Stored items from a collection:
::::::::::

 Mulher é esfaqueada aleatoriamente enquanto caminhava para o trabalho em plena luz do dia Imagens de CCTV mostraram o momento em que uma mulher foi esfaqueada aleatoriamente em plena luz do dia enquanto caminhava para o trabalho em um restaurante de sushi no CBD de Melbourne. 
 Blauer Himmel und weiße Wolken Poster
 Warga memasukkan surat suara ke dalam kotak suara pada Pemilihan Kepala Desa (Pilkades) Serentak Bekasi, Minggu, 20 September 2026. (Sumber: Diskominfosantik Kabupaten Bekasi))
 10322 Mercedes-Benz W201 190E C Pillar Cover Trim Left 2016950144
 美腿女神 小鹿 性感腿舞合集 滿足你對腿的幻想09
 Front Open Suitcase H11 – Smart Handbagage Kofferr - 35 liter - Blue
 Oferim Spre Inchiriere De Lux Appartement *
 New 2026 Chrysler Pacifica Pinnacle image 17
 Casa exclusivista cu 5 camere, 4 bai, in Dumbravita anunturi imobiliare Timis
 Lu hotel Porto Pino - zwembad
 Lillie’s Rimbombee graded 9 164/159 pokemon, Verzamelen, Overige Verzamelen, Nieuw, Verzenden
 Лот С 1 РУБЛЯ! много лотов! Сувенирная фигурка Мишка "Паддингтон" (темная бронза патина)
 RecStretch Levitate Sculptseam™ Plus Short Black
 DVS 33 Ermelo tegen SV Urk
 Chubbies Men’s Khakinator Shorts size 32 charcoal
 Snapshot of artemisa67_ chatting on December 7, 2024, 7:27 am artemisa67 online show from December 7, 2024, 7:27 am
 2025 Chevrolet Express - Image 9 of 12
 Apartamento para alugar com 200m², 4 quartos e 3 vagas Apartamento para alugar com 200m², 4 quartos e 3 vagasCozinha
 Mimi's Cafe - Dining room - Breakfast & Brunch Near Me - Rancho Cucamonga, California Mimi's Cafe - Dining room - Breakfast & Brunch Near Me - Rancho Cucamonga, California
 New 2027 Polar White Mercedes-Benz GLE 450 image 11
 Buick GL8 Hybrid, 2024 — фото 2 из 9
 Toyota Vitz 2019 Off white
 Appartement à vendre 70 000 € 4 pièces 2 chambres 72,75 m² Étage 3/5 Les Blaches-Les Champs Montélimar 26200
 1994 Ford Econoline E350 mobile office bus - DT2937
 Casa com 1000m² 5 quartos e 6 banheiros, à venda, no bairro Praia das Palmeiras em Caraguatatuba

::::::::::

Working through the records above, copy each one exactly.

• _EXERCISE RESPONSE_:
 Mulher é esfaqueada aleatoriamente enquanto caminhava para o trabalho em plena luz do dia Imagens de CCTV mostraram o momento em que uma mulher foi esfaqueada aleatoriamente em plena luz do dia enquanto caminhava para o trabalho em um restaurante de sushi no CBD de Melbourne. 
 Blauer Himmel und weiße Wolken Poster
 Warga memasukkan surat suara ke dalam kotak suara pada Pemilihan Kepala Desa (Pilkades) Serentak Bekasi, Minggu, 20 September 2026. (Sumber: Diskominfosantik Kabupaten Bekasi))
 10322 Mercedes-Benz W201 190E C Pillar Cover Trim Left 2016950144
 美腿女神 小鹿 性感腿舞合集 滿足你對腿的幻想09
 Front Open Suitcase H11 – Smart Handbagage Kofferr - 35 liter - Blue
 Oferim Spre Inchiriere De Lux Appartement *
 New 2026 Chrysler Pacifica Pinnacle image 17
 Casa exclusivista cu 5 camere, 4 bai, in Dumbravita anunturi imobiliare Timis
 Lu hotel Porto Pino - zwembad
 Lillie’s Rimbombee graded 9 164/159 pokemon, Verzamelen, Overige Verzamelen, Nieuw, Verzenden
 Лот С 1 РУБЛЯ! много лотов! Сувенирная фигурка Мишка "Паддингтон" (темная бронза патина)
 RecStretch Levitate Sculptseam™ Plus Short Black
 DVS 33 Ermelo tegen SV Urk
 Chubbies Men’s Khakinator Shorts size 32 charcoal
 Snapshot of artemisa67_ chatting on December 7, 2024, 7:27 am artemisa67 online show from December 7, 2024, 7:27 am
 2025 Chevrolet Express - Image 9 of 12
 Apartamento para alugar com 200m², 4 quartos e 3 vagas Apartamento para alugar com 200m², 4 quartos e 3 vagasCozinha
 Mimi's Cafe - Dining room - Breakfast & Brunch Near Me - Rancho Cucamonga, California Mimi's Cafe - Dining room - Breakfast & Brunch Near Me - Rancho Cucamonga, California
 New 2027 Polar White Mercedes-Benz GLE 450 image 11
 Buick GL8 Hybrid, 2024 — фото 2 из 9
 Toyota Vitz 2019 Off white
 Appartement à vendre 70 000 € 4 pièces 2 chambres 72,75 m² Étage 3/5 Les Blaches-Les Champs Montélimar 26200
 1994 Ford Econoline E350 mobile office bus - DT2937
 Casa com 1000m² 5 quartos e 6 banheiros, à venda, no bairro Praia das Palmeiras em Caraguatatuba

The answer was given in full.